What to work on
Your task is to output the listing word for word, with pictures excluded.

Data section

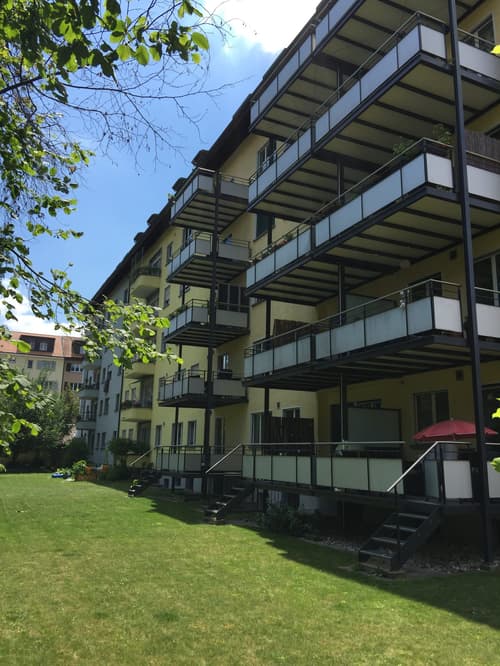 Bern-Breitenrain / sanierte, gemütliche Dachwohnung (1)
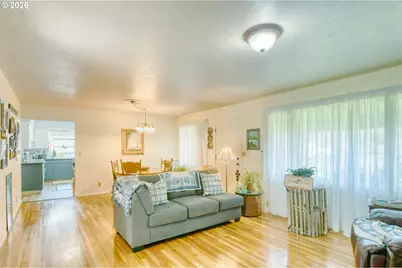 709 S Mill St, Milton-Freewater, OR 97862 - Photo 2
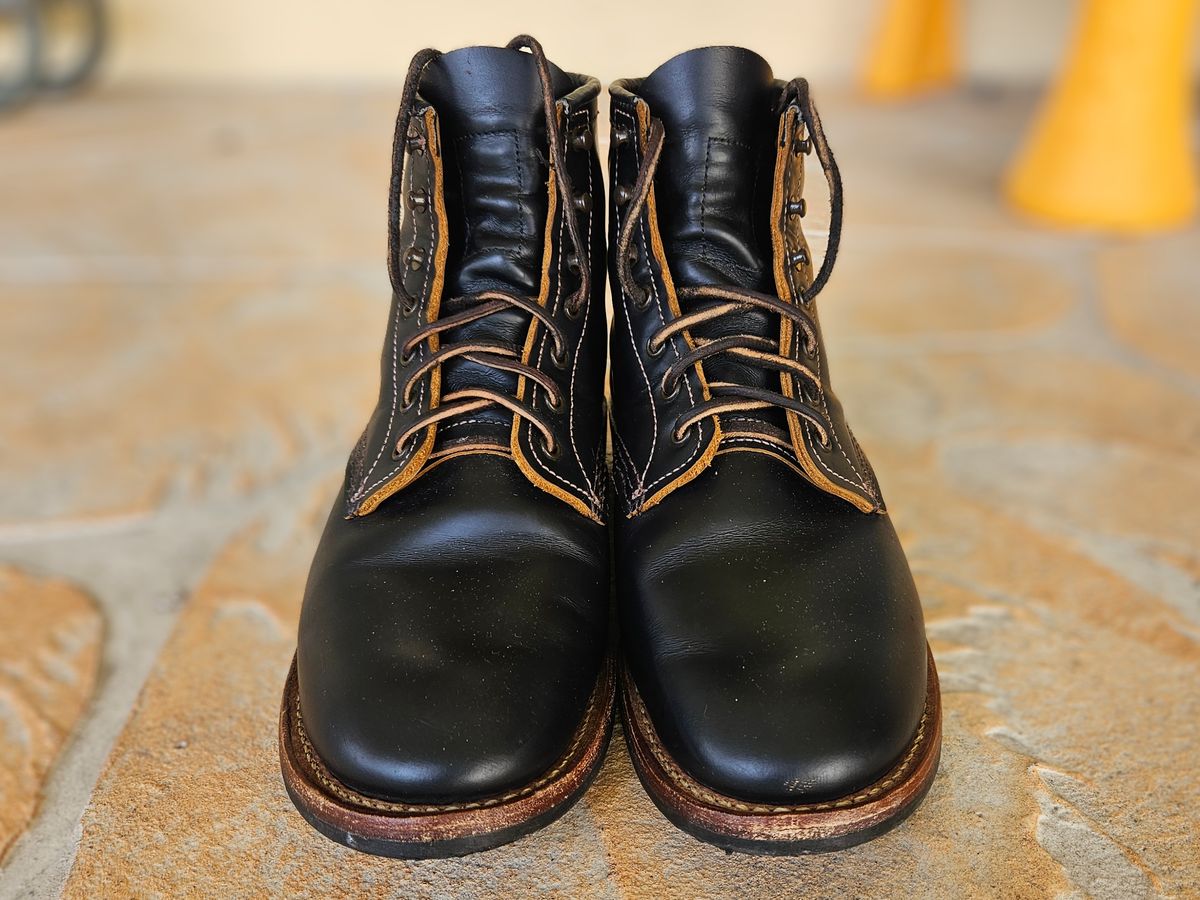 Photo by grim_f on February 6, 2024 of the Red Wing Beckman Flatbox in S.B. Foot Black Klondike.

Output below
 Bern-Breitenrain / sanierte, gemütliche Dachwohnung (1)
 709 S Mill St, Milton-Freewater, OR 97862 - Photo 2
 Photo by grim_f on February 6, 2024 of the Red Wing Beckman Flatbox in S.B. Foot Black Klondike.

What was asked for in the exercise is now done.